THERE were literally hundreds of characters that fit into this category; but we feel that there are a few more which merit at least a mention. Quality Comics Publications gave us the visually stunning and literary whimsiness of "PLASTIC MAN"; as well as publishing Will Eisner's copyright feature of "THE SPIRIT" , both in their POLICE COMICS monthly.
AND from Fox Features, we had an interesting assortment, most interesting of which was "THE BLUE BEETLE", which merited a short lived adaptation to a Radio Series, which starred Frank Lovejoy in the title role.
IRONICALLY the biggest rivalry for Superman and Company came from a character who is in many ways the one with the closest resemblance to the Progenitor of all Super Heroes. Fawcett Publications "CAPTAIN MARVEL" bowed in their WHIZ COMICS No. 2 (there was no # 1 published), dated February, 1940. From the start, it was clearly evident that perhaps Superman-D.C. had met its match, from another super-strong, flying, totally noble hero. As further evidence of this, Fawcett's 2nd comics title to feature Cap & his gang, CAPTAIN MARVEL ADVENTURES, went to publishing every 2 weeks, the first comic book to do so.
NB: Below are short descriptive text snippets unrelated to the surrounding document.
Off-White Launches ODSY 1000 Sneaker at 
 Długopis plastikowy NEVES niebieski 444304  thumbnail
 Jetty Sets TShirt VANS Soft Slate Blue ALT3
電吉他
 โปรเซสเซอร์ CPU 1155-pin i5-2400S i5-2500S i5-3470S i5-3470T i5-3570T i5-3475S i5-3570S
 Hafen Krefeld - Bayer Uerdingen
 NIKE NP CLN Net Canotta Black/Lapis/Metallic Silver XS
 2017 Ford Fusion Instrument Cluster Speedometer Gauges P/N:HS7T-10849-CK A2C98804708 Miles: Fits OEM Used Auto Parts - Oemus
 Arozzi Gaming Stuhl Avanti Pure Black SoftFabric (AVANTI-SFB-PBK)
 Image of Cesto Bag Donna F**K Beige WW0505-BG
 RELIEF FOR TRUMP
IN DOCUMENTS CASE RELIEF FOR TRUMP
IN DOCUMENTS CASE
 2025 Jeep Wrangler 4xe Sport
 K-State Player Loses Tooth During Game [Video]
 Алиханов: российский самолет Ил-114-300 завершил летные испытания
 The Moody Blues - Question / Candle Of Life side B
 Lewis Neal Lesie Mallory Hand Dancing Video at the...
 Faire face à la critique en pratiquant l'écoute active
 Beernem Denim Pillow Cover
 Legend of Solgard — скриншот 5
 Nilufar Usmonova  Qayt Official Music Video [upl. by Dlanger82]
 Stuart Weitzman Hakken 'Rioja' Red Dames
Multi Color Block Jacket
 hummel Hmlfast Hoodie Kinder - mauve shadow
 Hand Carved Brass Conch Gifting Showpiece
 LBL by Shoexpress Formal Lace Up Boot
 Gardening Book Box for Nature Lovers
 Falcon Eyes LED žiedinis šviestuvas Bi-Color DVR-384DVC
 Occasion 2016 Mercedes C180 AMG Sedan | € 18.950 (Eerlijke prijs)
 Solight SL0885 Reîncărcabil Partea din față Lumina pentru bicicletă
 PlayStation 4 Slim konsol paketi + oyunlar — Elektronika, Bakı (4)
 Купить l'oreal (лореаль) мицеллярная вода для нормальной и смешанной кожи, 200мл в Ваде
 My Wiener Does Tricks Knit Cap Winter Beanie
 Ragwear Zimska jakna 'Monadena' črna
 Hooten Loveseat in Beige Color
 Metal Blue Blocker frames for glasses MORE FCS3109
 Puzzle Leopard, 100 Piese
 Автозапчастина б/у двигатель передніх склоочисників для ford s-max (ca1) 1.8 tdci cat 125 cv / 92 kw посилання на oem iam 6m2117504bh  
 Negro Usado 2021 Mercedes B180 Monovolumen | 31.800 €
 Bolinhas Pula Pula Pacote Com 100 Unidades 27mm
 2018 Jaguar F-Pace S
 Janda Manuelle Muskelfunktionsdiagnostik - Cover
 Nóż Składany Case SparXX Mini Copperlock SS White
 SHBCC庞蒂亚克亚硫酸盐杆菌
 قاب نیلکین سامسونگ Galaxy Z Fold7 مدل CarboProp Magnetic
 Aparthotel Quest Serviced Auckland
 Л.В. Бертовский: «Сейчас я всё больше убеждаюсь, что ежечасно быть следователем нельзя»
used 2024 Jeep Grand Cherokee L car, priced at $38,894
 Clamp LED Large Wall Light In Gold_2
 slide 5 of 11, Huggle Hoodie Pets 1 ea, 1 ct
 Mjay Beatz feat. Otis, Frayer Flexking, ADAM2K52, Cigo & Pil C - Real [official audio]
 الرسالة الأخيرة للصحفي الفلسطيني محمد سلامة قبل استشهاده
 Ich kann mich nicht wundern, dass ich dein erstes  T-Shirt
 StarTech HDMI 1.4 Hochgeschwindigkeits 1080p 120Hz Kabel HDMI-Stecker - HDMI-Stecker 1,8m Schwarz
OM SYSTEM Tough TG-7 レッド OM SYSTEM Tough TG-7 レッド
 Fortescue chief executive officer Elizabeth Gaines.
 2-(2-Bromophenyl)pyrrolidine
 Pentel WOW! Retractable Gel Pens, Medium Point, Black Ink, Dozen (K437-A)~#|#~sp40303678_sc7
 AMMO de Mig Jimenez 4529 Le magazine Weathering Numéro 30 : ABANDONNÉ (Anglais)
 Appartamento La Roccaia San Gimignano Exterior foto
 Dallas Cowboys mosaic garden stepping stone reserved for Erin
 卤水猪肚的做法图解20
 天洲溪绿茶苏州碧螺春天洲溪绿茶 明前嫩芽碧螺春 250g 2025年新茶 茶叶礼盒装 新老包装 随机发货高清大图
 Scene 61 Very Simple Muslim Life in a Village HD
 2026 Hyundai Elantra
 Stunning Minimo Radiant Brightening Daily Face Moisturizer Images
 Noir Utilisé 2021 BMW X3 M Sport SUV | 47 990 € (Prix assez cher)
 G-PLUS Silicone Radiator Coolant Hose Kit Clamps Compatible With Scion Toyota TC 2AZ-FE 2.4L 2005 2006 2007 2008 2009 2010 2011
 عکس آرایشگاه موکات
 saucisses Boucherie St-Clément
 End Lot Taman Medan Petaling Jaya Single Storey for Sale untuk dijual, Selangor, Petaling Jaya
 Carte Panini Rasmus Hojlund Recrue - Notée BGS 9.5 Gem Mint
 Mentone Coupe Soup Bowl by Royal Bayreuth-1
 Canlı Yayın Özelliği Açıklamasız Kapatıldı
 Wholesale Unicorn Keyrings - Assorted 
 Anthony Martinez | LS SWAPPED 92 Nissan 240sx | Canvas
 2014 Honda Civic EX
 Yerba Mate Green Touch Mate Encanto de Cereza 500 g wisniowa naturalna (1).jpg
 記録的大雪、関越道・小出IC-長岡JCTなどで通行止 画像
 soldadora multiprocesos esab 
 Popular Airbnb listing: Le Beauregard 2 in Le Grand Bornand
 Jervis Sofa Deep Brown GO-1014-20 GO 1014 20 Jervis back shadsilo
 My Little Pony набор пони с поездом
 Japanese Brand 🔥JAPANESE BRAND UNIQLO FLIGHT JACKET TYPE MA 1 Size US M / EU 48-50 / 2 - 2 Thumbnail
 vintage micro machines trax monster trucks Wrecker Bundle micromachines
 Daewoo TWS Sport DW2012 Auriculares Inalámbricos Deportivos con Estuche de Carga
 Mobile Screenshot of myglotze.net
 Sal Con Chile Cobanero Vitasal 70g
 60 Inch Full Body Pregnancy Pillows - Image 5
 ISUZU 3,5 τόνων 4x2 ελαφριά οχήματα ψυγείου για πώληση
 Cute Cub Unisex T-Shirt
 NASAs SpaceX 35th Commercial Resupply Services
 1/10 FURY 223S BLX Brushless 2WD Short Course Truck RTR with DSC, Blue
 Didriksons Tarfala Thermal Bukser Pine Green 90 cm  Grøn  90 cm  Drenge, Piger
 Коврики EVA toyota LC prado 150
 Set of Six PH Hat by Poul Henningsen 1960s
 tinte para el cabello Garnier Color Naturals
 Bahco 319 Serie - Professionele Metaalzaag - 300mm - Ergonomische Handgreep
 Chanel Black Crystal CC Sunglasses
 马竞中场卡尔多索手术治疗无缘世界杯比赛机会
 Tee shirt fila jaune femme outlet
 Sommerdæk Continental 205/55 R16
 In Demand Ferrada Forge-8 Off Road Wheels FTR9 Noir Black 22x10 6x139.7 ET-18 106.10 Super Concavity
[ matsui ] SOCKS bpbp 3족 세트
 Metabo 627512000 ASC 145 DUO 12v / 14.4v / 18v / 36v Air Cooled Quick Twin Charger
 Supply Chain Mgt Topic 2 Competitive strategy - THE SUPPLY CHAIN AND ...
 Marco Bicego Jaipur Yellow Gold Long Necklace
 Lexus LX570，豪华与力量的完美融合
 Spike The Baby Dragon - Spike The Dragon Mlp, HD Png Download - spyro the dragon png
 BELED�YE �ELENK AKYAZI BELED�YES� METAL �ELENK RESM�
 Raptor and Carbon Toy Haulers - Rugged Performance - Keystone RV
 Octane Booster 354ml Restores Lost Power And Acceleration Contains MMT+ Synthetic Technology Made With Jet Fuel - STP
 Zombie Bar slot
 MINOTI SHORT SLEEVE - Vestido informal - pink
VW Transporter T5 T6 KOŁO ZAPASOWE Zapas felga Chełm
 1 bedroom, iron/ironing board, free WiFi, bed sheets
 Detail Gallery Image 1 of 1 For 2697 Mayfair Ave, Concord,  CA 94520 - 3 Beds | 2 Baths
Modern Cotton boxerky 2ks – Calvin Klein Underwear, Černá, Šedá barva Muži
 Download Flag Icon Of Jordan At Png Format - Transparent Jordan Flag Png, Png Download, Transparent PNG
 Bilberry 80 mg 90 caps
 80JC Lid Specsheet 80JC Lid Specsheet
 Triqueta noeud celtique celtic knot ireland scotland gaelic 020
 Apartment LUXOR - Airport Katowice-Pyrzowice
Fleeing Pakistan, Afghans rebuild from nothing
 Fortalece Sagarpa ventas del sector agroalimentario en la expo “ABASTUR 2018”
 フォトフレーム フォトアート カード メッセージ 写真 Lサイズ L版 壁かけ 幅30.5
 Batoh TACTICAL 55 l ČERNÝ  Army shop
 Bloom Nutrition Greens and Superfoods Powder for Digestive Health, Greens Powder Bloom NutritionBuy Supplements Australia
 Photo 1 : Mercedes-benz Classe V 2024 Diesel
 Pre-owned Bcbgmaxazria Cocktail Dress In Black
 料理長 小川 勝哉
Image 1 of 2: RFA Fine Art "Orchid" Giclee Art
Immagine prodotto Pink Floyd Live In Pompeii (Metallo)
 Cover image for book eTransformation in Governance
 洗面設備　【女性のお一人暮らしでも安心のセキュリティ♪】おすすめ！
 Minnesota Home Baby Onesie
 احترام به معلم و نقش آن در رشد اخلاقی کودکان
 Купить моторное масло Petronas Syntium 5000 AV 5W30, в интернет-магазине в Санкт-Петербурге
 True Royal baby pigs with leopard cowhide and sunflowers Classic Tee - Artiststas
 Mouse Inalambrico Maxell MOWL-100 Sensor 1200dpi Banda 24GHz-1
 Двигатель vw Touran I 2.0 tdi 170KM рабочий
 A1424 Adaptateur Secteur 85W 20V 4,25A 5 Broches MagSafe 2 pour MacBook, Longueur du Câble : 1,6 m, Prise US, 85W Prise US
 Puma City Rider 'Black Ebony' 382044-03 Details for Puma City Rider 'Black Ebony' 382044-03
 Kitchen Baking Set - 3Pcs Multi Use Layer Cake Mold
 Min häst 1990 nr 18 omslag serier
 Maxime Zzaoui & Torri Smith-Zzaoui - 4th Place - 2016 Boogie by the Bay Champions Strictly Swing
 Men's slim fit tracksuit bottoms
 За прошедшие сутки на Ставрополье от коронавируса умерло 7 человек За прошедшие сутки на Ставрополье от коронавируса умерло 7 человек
BUT all would not remain peaceful in the escapist 4 color mag world as D.C. filed several suits, claiming copyright infringement against Captain Marvel and Fawcett. The legal tug-of-war dragged on for several years; until Fawcett threw in the towel with a figurative "No Mas"! They agreed to never publish the adventures of Captain Marvel in exchange for an armistice. The year was 1953 and comic book publisher faced a lot of changes in the business; including a sharp drop-off in popularity for the "Cape and Mask" set. It was a done deal; no Fawcett Comics, no Legal Troubles.
NOW we must fast forward nearly two decades. A great Super Hero revival had been in progress for several years and once again, the bu$ine$$ $en$e of the 'Suits' at D.C. reasoned that it would be foolishly wasteful to leave the old "Big Red Cheese" on the shelf during such an era of "super-powered" good will. A deal was struck and D.C. first paid royalties to publish Captain Marvel and later acquired the rights to him outright.
SOON, Television beckoned; as the Super-hero was a most desirable item ever since the Pop Art-Camp BATMAN TV Series had made such an impression on the Nation and indeed, the whole World in 1966. Filmation, known for its TV animation projects, which included the NEW ADVENTURES OF SUPERMAN, AQUAMAN, JUSTICE LEAGUE OF America and the first BATMAN Cartoon Series, came up with a format for a sort of juvenile coming of age/road trip scenario for the weekly episodes. In a typical we would have young Billy Batson pondering some great mystery of life and conferring with the old Wizard, Shazam (and oft with those gods and heroes whose name spelled the acronym of Solomon, Hercules, Atlas, Zeus, Achilles and Mercury). All this was rendered by FIlmation's Animation Department.
PROVIDING proper adult or even a sort of "parental" guidance was the character "Mentor"; played by long time distinguished actor of stage, screen, Radio and Television, Les Tremayne. The character is somewhat mysterious and he seems to be some sort of Wizard, himself; possibly even being Old "Shazam", himself.
ONLY one problem remained as the name of Captain Marvel was tied up under Trademark Law in a more recent character, a member of Stan Lee's Marvel Comics Stable. The name was their's to use, but not as a title. So, the title of "SHAZAM!" was settled on and Captain Marvel was known to whole new generations. The mixed Live Action & Animated "SHAZAM" had a successful 3 year run on CBS, with two guys in the lead. There was Jackson Bostwick (1974-75) and John Davey (1976-77). There was little noticeable difference in the two's performances.